Aku mengerti kenapa kau pergi. Karena kita hidup di dua keadaan yang tak bisa dipaksa untuk dipersatukan. Kau, dengan langkah menuju masa depan yang telah ditentukan. Aku, dengan jalanku sendiri yang sudah lama aku pilih. Tapi meski semua itu masuk akal, rasa sakit ini tetap tinggal, mengendap seperti seduhan kopi pahit, meninggalkan getir di setiap tegukan waktu. Aku tak bisa menumpahkannya, tapi juga tak mampu menelannya.
Aku tidak menyalahkanmu, juga tidak menyalahkan diriku. Aku bahkan tak mampu menyalahkan waktu, dan juga keadaan yang telah mempertemukan kita. Mungkin, cinta tak selalu berarti tinggal. Mungkin, cinta tak selalu bermakna bersama. Mungkin, cinta tak harus memiliki. Kadang, cinta berarti pergi. Kadang cinta bermakna melepaskan. Kadang cinta adalah mengikhlaskan.
Tanda-tanda kepergianmu seperti kabut yang perlahan turun, menyelimuti setiap percakapan kita. Kata-katamu semakin datar, seperti langit yang kehilangan warna saat senja berlalu. Meski caramu menghilang meninggalkan pertanyaan yang tidak akan pernah terjawab, aku tahu, itu adalah pilihan yang harus kau ambil.
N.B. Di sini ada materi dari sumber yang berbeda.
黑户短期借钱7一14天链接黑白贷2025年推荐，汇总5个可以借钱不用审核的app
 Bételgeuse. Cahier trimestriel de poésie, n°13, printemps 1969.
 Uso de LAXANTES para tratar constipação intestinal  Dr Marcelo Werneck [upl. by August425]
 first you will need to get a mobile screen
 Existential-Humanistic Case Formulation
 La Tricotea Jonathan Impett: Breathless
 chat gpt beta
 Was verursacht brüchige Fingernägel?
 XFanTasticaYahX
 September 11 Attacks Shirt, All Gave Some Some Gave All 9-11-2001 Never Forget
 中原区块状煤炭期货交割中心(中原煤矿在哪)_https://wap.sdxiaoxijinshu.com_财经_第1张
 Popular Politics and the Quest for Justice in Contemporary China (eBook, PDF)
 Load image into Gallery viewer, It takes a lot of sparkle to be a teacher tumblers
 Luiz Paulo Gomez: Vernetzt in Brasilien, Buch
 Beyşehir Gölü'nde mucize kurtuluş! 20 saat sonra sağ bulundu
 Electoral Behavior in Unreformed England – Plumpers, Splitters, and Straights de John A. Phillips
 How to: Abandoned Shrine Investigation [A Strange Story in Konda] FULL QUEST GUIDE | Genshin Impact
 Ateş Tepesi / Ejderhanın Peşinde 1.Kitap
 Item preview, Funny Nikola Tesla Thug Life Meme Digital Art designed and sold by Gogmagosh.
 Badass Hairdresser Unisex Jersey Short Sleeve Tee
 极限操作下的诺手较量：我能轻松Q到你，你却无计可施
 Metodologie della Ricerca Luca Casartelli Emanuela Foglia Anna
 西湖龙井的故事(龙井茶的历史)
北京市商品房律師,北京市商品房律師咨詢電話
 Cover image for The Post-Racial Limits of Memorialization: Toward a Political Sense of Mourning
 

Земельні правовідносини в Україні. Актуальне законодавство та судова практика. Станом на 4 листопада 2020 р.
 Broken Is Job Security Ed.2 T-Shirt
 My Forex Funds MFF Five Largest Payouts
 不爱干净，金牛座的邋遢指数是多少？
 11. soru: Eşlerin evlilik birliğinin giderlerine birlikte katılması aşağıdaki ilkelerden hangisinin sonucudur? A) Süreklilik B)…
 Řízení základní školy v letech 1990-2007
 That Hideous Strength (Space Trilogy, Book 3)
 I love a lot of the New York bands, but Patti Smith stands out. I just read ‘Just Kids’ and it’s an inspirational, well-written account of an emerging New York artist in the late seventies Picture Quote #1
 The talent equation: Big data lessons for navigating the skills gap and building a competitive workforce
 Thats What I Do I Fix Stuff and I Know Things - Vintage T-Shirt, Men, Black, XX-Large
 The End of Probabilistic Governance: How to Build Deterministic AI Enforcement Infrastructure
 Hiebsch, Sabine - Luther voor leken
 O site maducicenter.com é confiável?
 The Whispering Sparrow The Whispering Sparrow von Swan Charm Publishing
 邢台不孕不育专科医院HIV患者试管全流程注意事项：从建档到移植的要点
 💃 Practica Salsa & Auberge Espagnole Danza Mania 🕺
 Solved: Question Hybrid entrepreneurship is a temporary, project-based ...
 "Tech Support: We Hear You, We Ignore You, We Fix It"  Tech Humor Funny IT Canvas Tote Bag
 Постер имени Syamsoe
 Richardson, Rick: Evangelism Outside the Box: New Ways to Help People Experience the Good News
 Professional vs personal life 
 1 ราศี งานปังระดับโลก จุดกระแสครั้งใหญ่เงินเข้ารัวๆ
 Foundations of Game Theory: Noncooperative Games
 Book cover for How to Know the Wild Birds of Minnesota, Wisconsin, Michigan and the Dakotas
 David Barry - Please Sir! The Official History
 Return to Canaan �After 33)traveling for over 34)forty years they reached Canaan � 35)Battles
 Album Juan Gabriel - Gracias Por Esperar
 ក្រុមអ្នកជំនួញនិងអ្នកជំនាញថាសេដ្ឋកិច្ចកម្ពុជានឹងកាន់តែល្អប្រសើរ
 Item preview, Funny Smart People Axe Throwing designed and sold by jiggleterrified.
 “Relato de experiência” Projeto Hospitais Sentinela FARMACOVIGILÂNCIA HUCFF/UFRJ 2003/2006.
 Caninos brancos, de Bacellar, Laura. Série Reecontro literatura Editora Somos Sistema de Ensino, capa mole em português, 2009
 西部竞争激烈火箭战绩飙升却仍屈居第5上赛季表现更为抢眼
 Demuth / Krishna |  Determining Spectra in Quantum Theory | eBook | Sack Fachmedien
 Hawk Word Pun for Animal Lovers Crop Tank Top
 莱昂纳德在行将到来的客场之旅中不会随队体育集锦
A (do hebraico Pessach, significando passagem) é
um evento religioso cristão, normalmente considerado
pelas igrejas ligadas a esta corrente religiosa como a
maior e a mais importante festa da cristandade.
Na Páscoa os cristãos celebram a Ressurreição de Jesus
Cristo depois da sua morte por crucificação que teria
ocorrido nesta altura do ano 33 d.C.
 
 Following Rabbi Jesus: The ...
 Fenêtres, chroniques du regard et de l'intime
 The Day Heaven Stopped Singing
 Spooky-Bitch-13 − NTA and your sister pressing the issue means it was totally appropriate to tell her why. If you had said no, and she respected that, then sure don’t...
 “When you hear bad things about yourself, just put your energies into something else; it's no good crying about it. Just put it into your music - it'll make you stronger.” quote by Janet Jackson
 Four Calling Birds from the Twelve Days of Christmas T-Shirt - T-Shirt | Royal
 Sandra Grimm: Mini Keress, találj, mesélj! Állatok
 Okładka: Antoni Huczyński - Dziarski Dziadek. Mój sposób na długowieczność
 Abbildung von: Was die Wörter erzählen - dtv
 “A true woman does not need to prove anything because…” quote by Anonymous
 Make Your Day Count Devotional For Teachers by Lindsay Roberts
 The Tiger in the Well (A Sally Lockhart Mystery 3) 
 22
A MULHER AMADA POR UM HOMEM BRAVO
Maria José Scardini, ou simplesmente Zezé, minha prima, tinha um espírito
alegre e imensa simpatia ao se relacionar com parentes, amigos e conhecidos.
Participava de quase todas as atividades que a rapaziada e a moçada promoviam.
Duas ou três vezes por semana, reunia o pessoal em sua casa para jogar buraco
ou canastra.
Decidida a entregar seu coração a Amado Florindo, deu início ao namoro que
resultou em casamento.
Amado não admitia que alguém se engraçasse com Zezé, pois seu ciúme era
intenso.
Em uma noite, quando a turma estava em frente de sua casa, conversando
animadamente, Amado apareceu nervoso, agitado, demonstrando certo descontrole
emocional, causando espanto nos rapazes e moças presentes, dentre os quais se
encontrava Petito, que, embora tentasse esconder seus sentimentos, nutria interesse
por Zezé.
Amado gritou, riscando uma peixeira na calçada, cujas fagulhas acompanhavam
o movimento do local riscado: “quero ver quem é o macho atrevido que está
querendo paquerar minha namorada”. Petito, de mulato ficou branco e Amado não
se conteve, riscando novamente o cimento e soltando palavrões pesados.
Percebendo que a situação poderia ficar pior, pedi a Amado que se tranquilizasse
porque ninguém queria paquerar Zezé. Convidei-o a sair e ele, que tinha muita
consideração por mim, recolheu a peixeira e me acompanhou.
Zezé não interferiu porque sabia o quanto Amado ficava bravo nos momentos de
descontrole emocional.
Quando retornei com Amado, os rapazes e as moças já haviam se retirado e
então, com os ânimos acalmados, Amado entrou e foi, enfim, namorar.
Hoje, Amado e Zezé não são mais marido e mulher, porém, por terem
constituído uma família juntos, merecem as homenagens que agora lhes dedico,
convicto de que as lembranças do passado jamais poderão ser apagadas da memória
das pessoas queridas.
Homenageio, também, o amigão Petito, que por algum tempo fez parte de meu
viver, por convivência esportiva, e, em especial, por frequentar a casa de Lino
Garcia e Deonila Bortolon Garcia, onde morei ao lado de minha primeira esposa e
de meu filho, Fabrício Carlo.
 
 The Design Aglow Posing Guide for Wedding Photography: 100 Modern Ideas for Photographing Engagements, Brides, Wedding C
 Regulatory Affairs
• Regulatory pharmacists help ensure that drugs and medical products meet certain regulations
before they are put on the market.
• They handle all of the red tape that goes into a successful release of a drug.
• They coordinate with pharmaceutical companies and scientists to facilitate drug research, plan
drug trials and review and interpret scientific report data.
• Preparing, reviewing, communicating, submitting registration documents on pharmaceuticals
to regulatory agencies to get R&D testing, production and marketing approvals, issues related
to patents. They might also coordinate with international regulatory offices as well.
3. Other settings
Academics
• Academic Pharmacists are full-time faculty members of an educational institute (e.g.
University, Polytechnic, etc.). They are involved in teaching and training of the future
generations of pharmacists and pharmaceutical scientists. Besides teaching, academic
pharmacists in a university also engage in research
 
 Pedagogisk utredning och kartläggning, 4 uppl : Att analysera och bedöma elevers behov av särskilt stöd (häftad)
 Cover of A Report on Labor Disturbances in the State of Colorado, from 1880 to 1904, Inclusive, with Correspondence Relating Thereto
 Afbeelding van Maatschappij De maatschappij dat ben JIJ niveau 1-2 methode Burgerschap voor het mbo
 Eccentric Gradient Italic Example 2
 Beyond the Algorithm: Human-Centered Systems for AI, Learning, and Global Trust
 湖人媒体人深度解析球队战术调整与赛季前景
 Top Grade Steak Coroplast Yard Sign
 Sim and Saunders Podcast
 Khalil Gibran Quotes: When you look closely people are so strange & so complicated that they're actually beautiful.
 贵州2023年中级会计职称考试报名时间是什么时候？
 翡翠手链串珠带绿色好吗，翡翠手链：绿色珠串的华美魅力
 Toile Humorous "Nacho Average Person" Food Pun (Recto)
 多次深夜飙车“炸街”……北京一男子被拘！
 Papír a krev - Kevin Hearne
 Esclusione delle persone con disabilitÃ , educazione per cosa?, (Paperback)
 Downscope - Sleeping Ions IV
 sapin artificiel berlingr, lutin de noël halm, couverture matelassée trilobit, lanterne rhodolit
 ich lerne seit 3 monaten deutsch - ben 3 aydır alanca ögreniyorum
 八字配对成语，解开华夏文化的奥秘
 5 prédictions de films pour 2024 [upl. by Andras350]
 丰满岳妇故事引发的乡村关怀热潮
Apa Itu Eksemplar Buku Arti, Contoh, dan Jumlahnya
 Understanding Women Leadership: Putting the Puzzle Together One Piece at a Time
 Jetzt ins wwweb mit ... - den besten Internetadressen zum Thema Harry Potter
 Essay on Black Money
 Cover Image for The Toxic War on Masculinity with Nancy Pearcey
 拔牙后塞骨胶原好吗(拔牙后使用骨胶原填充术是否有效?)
Tidak ada kalimat penutup untuk apa yang kita rasa. Tidak ada kalimat pamit yang indah untuk kukenang darimu. Hanya hening, yang berubah menjadi jarak. Jarak yang kini menjadi sebuah tembok pembatas, yang bahkan aku tak tahu harus kuhancurkan atau biarkan berdiri.
Pada akhirnya, kita memang harus saling melepaskan. Saling menatap jalan yang terbentang di hadapan masing-masing. Meski kepergianmu adalah hal yang tak pernah kuharapkan. Tapi kepergianmu memberiku pelajaran tentang begini rasanya kehilangan seseorang yang tak pernah sepenuhnya kumiliki. Begini rasa sakitnya melepaskan kalimat "aku menyayangimu" yang sempat melekat dengan begitu hebat. Seperti menyesali mimpi indah yang terlalu cepat berakhir.
Semoga langkahmu selalu ringan untuk menggapai masa depan seperti apa yang pernah kau impikan. Semoga jalanmu penuh cahaya kebahagiaan, meski bukan aku sumber cahaya itu.
Dan aku…
Aku akan belajar mengubur kenangan itu seperti benih yang kutanam dalam-dalam di tanah. Semoga, suatu saat, ia tumbuh menjadi pohon kebijaksanaan, agar aku bisa berdiri tegak meski ranting-rantingnya penuh luka. Aku akan belajar untuk tidak pernah menyesali deklarasi rasa yang pernah saling terlontar di antara kita. Aku akan belajar berdamai dengan keadaan yang cukup menyakitkan ini. Dan aku, mungkin akan belajar untuk tak lelah meminta pada Sang Pemilik rasa untuk menghapus segala rasaku untukmu. Agar inginmu, dan harapku menjadi nyata; bahagia dengan versi kita masing-masing.